Museum commemorates opening of new floor
Published 9:59 am Wednesday, October 21, 2015
After several years of fundraising and nearly a year’s worth of construction, Dowagiac Area History Museum Director Steve Arseneau was finally able to answer two major questions his patrons have asked since the opening of the downtown museum two years ago.
The questions: “When will the museum’s second floor be open?” and “When will you be doing something about Dowagiac?”
The answers: “Monday,” and “Monday.”
That evening, the public was invited to take a look at both the renovated second floor and the new exhibit focused on nearly 200 years of Dowagiac history at a reception held at the Railroad Street facility. Dozens of locals attended the event, taking in the sights of the new history display and enjoying hors d’oeuvres provided by The Wood Fire restaurant.
The new exhibit, “Industry, Arts, Education and Leisure: A Dowagiac Story,” shows off some photos and artifacts from throughout Dowagiac’s history, from its founding in 1848 to the modern day. Highlighted are some prominent people, places and institutions that molded Dowagiac into what is today; some of the more popular draws that evening were displays focusing on early Dowagiac immigrants, the history of area schools and Southwestern Michigan College and the infamous Orphan Train.
Arseneau welcomed the guests of the opening ceremony, and delivered a few brief remarks inside the second floor’s currently vacant temporary exhibit space.
“One year ago this floor was a box with cinderblock walls…and it smelled kind of funky,” Arseneau said. “But [builder] Tom Burling and his subcontractors really made this space shine. It looks really well, and they got rid of that smell, too.”
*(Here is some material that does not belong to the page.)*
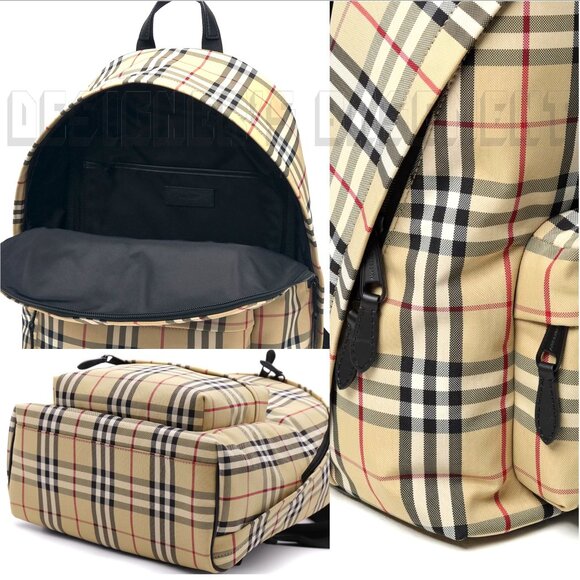BURBERRY black Leather trim JETT beige Archive Vintage Check nylon zip Backpack - Picture 7 of 12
The director pointed out that it took three years of fundraising to accomplish the renovation and construction work needed to make Monday’s opening a reality. The museum received more than 400 donations from several hundred individuals, totaling $75,000. The City of Dowagiac, which manages the museum in cooperation with Southwestern Michigan College, also contributed $50,000 to the project.
Donors who contributed $500 or more are featured on a plaque on display in the exhibit — the director highlighted the two highest donors, Wolverine Mutual Insurance and Barbara Wood Cook, during his speech.
Arseneau also praised his lone “coworker” who has assisted him in building the new exhibit these last few months, Chuck Timmons. Timmons, a longtime volunteer with museum, has devoted 30-40 every week since June assisting Arseneau with construction, the director said.
“He’s an amazing guy,” Arseneau said. “It’s like I like to tell everybody — if every organization had a Chuck Timmons, the world would be alright.”